NBC News called Sally Hemings Thomas Jefferson's mistress. She was his slave.

Impact

On Monday morning, NBC News tweeted that archaeologists had finally discovered the sleeping quarters of Sally Hemings, an enslaved black woman who was forced to work for founding father and former United States President Thomas Jefferson.

There was one glaring problem with the tweet: It referred to Hemings, who most historians believe bore at least six of Jefferson’s children, as his “mistress.” In reality, she was his slave.

Twitter users quickly began replying to the tweet to challenge NBC News’ mischaracterization of the relationship between Jefferson and Hemings. As one user points out, “Sally Hemings was [Jefferson’s] slave. There wasn’t a choice or consent. She was not his mistress. She was his victim.”

Though the actual headline of the article does note that Hemings was a slave, it still calls her Jefferson’s mistress, a word that in some cases denotes power and authority and, in a romantic or sexual capacity, connotes agency or at least consent.

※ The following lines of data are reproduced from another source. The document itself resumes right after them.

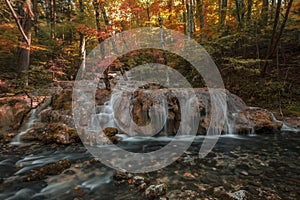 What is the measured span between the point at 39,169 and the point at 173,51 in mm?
10128

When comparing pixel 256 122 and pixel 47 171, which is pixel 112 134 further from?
pixel 256 122

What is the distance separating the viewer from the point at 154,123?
6.83 metres

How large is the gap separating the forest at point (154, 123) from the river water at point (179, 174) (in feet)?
0.08

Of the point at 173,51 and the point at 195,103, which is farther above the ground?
the point at 173,51

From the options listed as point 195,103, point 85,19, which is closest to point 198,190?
point 195,103

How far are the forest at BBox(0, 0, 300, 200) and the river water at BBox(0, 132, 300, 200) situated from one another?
0.08 ft

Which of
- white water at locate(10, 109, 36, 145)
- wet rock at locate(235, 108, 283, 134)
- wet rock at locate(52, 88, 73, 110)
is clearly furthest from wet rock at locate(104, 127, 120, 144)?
wet rock at locate(235, 108, 283, 134)

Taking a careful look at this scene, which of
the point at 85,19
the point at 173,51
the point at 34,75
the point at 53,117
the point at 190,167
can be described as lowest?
the point at 190,167

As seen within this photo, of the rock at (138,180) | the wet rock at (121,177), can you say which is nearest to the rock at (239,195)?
the rock at (138,180)

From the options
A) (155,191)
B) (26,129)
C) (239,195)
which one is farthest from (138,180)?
(26,129)

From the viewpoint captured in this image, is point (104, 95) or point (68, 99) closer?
point (68, 99)

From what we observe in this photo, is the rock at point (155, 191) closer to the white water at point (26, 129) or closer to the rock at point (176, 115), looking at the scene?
the rock at point (176, 115)

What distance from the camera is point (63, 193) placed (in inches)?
121

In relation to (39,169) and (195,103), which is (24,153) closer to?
(39,169) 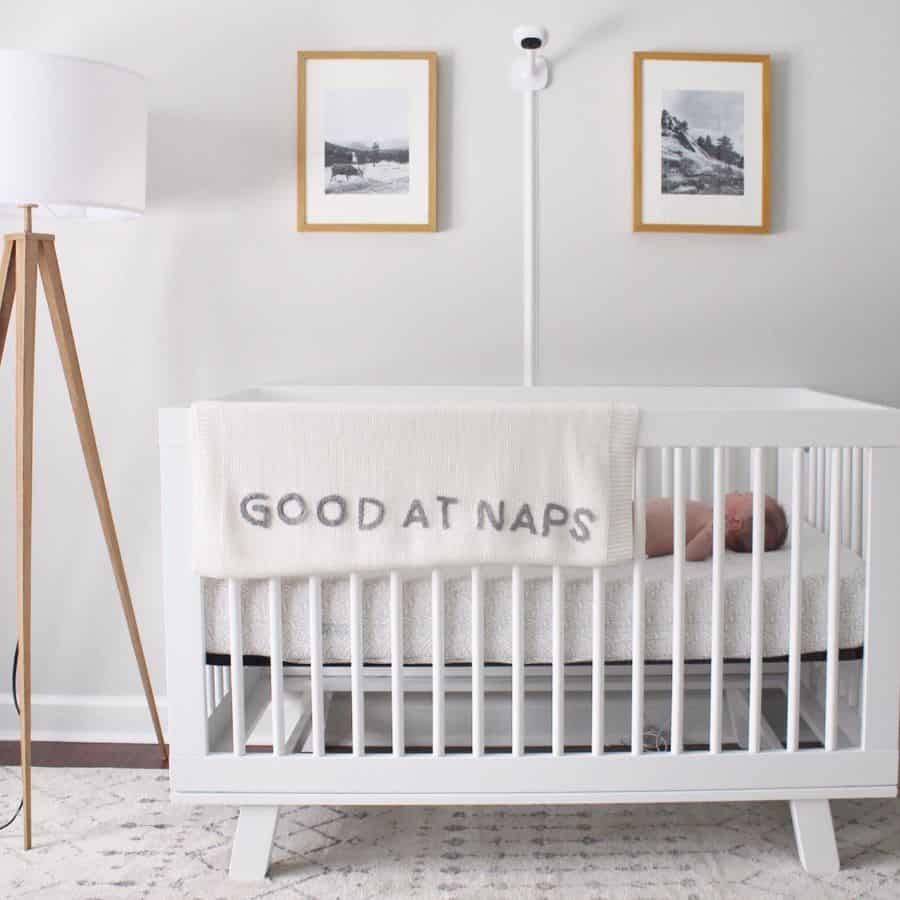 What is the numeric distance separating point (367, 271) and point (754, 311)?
85 cm

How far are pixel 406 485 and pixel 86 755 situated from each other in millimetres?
1206

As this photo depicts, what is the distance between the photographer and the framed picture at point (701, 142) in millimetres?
2383

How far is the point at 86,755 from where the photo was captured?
2.40 meters

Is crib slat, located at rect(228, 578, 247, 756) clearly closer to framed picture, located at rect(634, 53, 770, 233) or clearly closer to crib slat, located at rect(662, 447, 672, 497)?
crib slat, located at rect(662, 447, 672, 497)

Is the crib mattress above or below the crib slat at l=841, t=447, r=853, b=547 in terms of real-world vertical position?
below

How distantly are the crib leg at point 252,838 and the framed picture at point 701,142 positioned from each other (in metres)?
1.42

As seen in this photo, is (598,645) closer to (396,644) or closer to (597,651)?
(597,651)

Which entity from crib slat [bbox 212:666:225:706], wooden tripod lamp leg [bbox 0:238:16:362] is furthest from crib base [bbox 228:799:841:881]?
wooden tripod lamp leg [bbox 0:238:16:362]

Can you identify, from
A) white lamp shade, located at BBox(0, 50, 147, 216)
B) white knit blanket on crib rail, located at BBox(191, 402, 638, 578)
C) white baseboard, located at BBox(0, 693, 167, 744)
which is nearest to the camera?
white knit blanket on crib rail, located at BBox(191, 402, 638, 578)

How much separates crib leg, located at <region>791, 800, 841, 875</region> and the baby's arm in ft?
1.40

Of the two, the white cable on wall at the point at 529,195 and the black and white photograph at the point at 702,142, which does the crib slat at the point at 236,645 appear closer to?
the white cable on wall at the point at 529,195

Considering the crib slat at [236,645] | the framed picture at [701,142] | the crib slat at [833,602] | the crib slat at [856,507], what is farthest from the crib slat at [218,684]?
the framed picture at [701,142]

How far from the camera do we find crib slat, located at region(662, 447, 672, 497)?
2375 millimetres

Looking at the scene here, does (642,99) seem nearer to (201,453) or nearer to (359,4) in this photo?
(359,4)
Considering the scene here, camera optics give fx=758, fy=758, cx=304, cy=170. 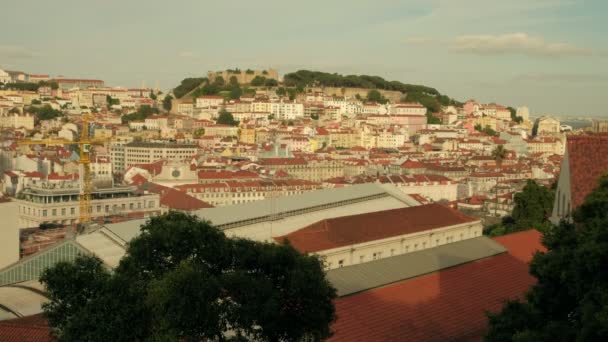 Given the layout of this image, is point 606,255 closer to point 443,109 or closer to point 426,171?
point 426,171

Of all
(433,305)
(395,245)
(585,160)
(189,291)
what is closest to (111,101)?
(395,245)

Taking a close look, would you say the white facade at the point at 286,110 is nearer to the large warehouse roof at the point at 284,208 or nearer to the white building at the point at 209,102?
the white building at the point at 209,102

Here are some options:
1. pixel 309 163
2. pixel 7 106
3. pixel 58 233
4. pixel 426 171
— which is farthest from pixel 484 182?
pixel 7 106

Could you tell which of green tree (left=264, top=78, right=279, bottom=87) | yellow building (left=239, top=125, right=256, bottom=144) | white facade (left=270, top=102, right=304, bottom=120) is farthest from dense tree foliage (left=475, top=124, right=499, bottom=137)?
yellow building (left=239, top=125, right=256, bottom=144)

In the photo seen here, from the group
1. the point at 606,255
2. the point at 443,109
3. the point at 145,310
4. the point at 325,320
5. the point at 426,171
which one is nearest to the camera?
A: the point at 606,255

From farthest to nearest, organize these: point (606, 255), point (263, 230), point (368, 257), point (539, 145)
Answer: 1. point (539, 145)
2. point (263, 230)
3. point (368, 257)
4. point (606, 255) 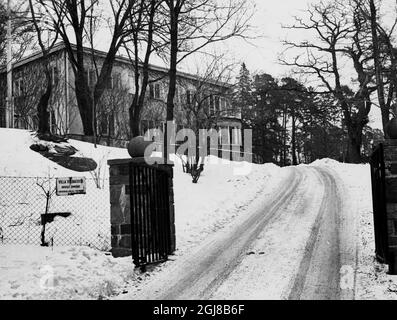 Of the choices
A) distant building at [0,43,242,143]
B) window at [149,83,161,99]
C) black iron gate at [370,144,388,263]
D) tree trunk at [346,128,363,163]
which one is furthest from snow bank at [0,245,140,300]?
window at [149,83,161,99]

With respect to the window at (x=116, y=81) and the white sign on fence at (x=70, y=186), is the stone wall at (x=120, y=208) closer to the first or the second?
the white sign on fence at (x=70, y=186)

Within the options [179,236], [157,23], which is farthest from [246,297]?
[157,23]

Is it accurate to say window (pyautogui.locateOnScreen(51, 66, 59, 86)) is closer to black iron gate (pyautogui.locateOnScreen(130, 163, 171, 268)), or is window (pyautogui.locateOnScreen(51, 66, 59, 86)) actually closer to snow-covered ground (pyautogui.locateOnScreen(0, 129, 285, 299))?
snow-covered ground (pyautogui.locateOnScreen(0, 129, 285, 299))

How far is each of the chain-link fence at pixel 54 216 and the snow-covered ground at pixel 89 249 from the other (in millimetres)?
864

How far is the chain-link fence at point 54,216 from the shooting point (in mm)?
9391

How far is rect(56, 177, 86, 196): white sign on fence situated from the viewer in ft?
30.4

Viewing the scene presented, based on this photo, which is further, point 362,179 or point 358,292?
point 362,179

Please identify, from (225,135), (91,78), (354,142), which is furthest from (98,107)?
(354,142)

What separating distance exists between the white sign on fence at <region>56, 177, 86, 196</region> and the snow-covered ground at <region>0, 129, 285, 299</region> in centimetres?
148

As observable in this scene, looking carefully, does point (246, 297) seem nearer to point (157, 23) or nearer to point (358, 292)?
point (358, 292)

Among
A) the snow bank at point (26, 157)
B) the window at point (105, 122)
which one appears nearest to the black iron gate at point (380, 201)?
the snow bank at point (26, 157)

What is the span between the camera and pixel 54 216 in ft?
35.3

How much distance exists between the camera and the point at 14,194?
1223cm

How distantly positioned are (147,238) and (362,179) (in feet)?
39.9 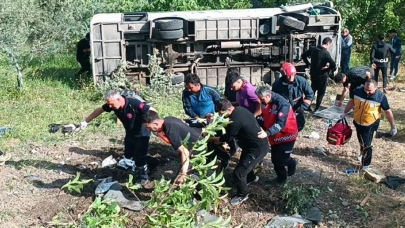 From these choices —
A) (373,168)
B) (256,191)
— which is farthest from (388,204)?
(256,191)

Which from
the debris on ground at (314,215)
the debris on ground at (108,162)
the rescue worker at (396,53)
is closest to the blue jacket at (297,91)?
the debris on ground at (314,215)

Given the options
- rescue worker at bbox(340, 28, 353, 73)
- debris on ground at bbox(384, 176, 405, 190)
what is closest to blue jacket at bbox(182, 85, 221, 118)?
debris on ground at bbox(384, 176, 405, 190)

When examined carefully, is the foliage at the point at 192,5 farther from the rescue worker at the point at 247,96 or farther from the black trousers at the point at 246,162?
the black trousers at the point at 246,162

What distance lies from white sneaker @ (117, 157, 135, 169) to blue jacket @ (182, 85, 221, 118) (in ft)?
3.56

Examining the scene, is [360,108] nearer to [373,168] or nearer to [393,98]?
[373,168]

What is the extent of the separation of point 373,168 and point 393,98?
485 cm

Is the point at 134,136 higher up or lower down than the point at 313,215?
higher up

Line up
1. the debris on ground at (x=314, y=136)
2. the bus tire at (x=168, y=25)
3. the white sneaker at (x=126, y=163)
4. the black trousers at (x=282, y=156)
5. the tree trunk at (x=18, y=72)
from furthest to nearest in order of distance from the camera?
the tree trunk at (x=18, y=72), the bus tire at (x=168, y=25), the debris on ground at (x=314, y=136), the white sneaker at (x=126, y=163), the black trousers at (x=282, y=156)

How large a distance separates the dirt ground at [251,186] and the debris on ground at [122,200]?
19 cm

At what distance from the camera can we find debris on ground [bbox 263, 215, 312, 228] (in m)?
6.43

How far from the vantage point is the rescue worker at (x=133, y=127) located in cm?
698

South of the Mason-Dixon line in antebellum America, black slaves were considered property. In the context of the racist, evil law that suspended all of their rights, they could not consent. The rape of black slave women at the hands of their white slaveowners was a common form violence used to assert the power of the white ruling class of the U.S.

NBC News

Whether or not the tweet intended to do so, it continued what some contend to be a pattern of some figures in the media whitewashing the horrors of slavery.

In July 2016, shortly after former first lady Michelle Obama noted correctly that the White House — where she and then-President Barack Obama lived — was built by slaves, some took issue with her factually accurate statement.

Perhaps the most prominent of those to refute Obama’s statement was then-not-disgraced pundit Bill O’Reilly, who on his show suggested that slaves “were well fed and had decent lodgings provided by the government.”

Fox News

It isn’t just the mainstream media; it’s schools: In 2015, the Texas Board of Education was roundly criticized for “downplaying the brutality of [slavery] and treating it as a ‘side-issue,” according to Jezebel. David Levin, CEO of textbook company McGraw-Hill, wrote a letter to his employees in which he apologized for referring to slaves as “workers” in a recent edition of one of his company’s books.

But just as those “millions of workers” weren’t actually workers, Sally Hemings wasn’t actually Jefferson’s “mistress,” despite any sexual relationship they may have had. She toiled at Monticello against her will. No historian would dispute that basic fact.